[SQL] Hackerrank Challenges

in Data on Sql, With


Hackerrank Challenges

1. 문제

Julia asked her students to create some coding challenges. Write a query to print the hacker_id, name, and the total number of challenges created by each student. Sort your results by the total number of challenges in descending order. If more than one student created the same number of challenges, then sort the result by hacker_id.

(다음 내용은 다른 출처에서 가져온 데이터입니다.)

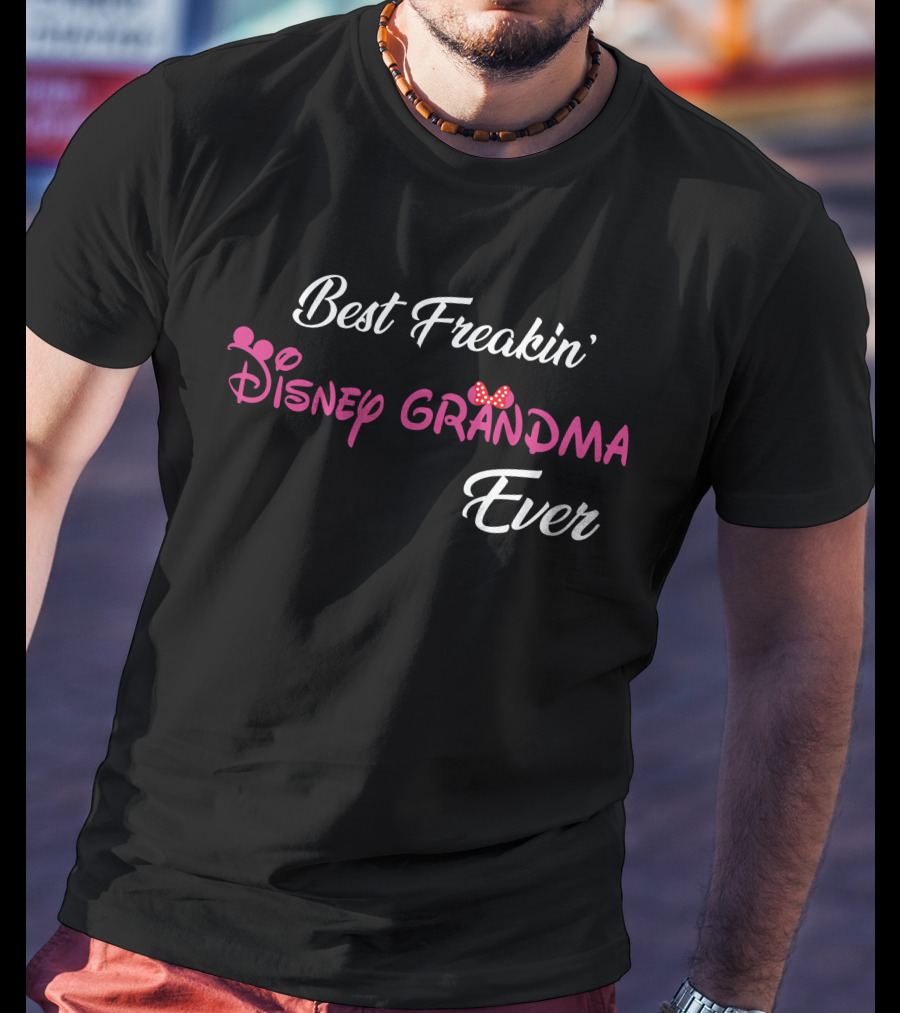 Best Freakin' Disney Grandma Ever T-Shirt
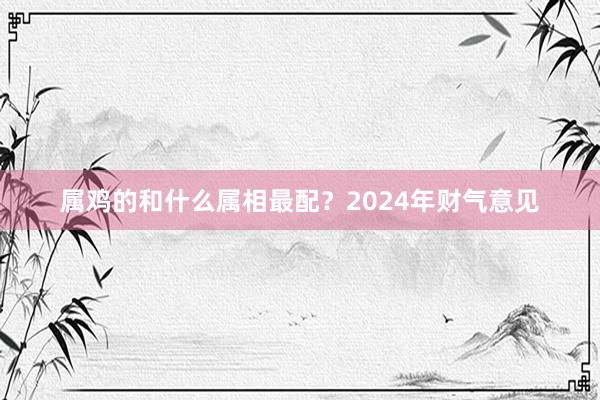属鸡的和什么属相最配？2024年财气意见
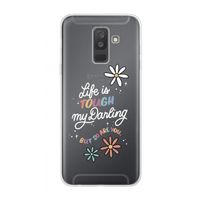Tough Life: Samsung Galaxy A6 Plus (2018) Transparant Hoesje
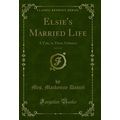 Elsie's Married Life, Vol. 2 of 3: A Tale, in T...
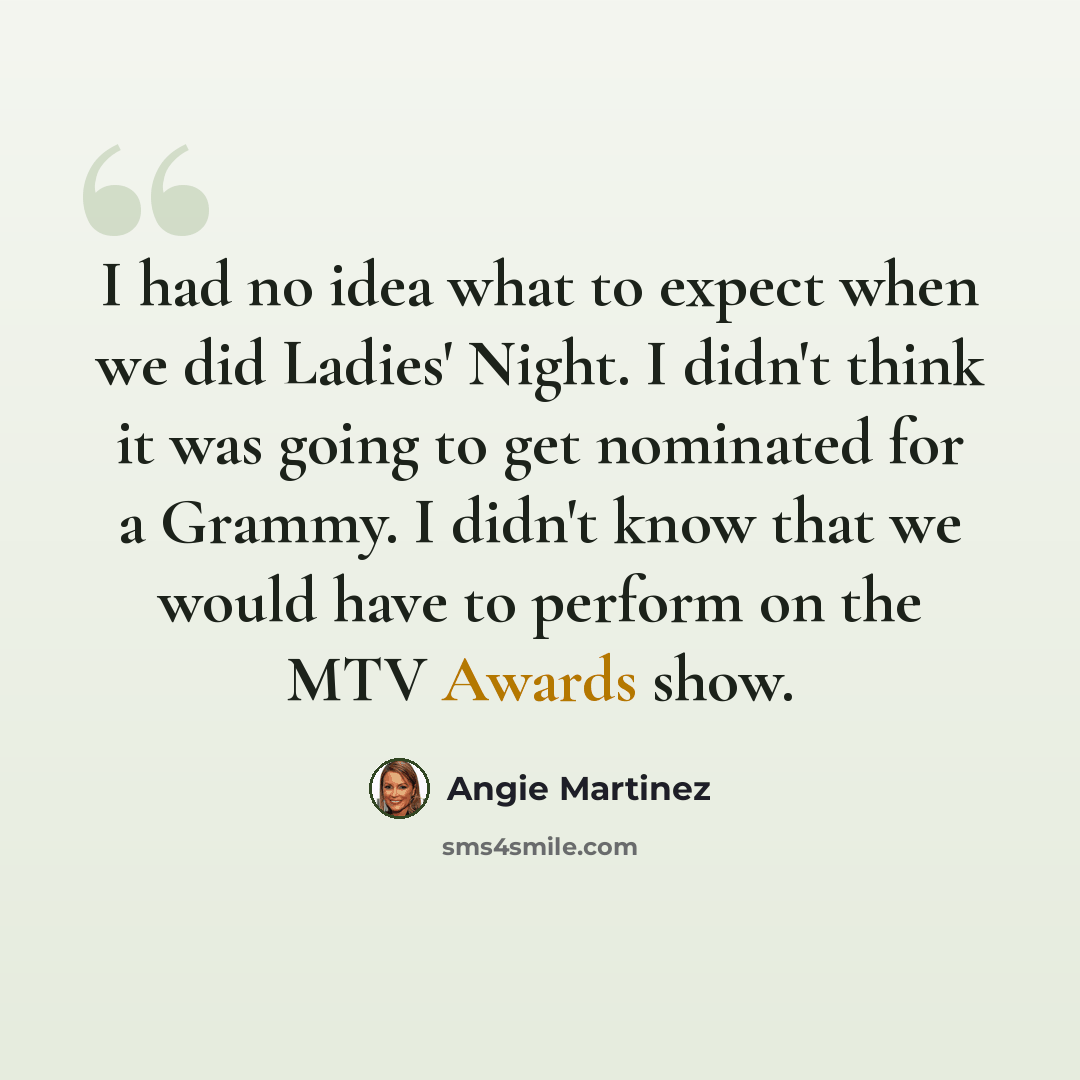 “I had no idea what to expect when we did Ladies' Night. I didn't think it was going to get nominated for a Grammy. I didn't know that we would have to perform on the MTV Awards show.” quote by Angie Martinez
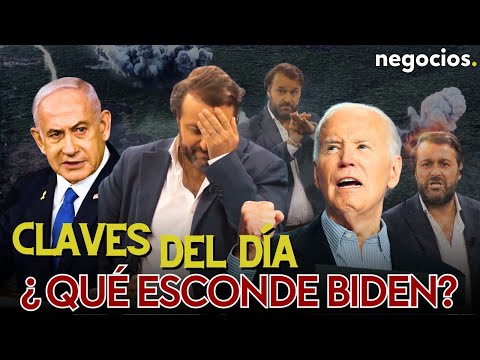 Claves del día: Lo que Biden esconde con Israel, Europa al choque con China y el ok de la OTAN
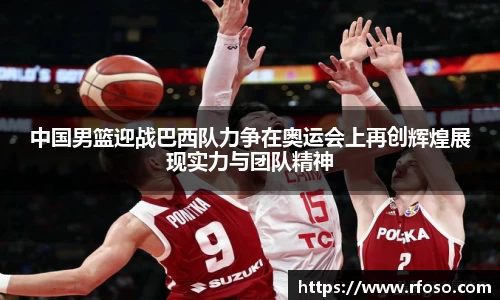 中国男篮迎战巴西队力争在奥运会上再创辉煌展现实力与团队精神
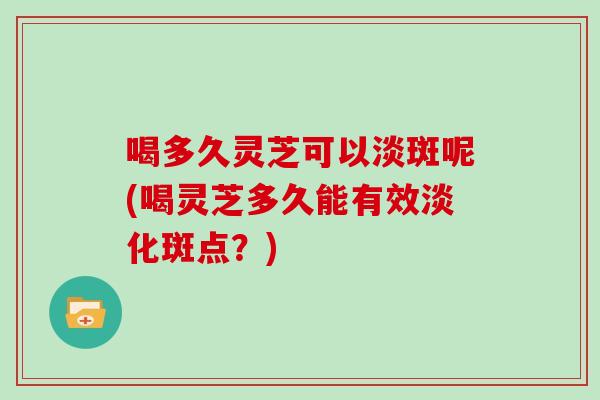 喝多久灵芝可以淡斑呢(喝灵芝多久能有效淡化斑点？)
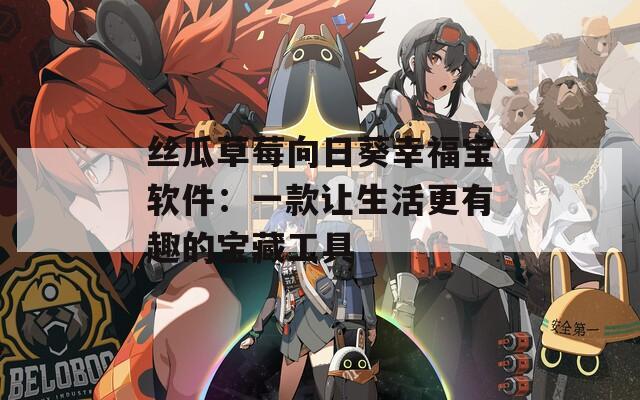 丝瓜草莓向日葵幸福宝软件：一款让生活更有趣的宝藏工具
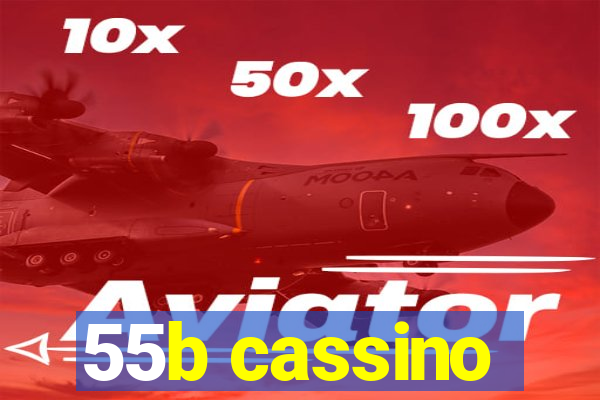 55b cassino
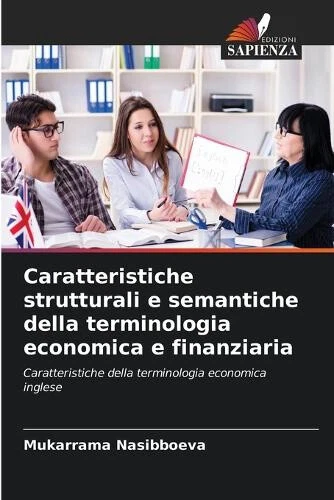 Caratteristiche strutturali e semantiche della terminologia economica e - Picture 1 of 2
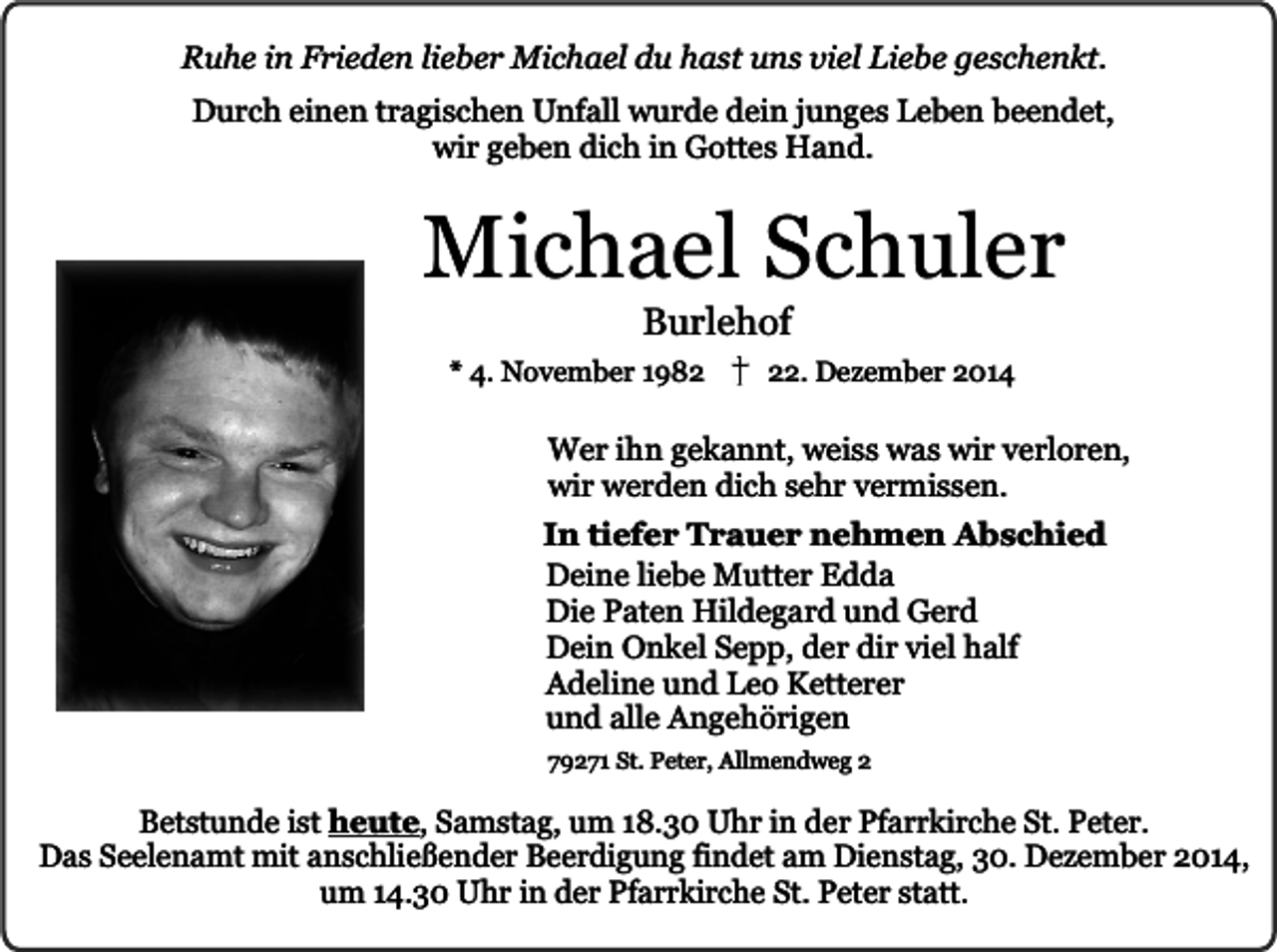 <p>Ruhe in Frieden lieber Michael du hast uns viel Liebe geschenkt.<br />Durch einen tragischen Unfall wurde dein junges Leben beendet,<br />wir geben dich in Gottes Hand.</p><p>Michael Schuler<br />Burlehof</p><p>* 4. November 1982. Dezember 2014</p><p>Wer ihn gekannt, weiss was wir verloren,<br />wir werden dich sehr vermissen.<br />In tiefer Trauer nehmen Abschied<br />Deine liebe Mutter Edda<br />Die Paten Hildegard und Gerd<br />Dein Onkel Sepp, der dir viel half<br />Adeline und Leo Ketterer<br />und alle Angehörigen<br />79271 St. Peter, Allmendweg 2</p><p>Betstunde ist heute, Samstag, um 18.30 Uhr in der Pfarrkirche St. Peter.<br />Das Seelenamt mit anschließender Beerdigung findet am Dienstag, 30. Dezember 2014,<br />um 14.30 Uhr in der Pfarrkirche St. Peter statt.</p>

If more than one student created the same number of challenges and the count is less than the maximum number of challenges created, then exclude those students from the result.

Hackers : The hacker_id is the id of the hacker, and name is the name of the hacker.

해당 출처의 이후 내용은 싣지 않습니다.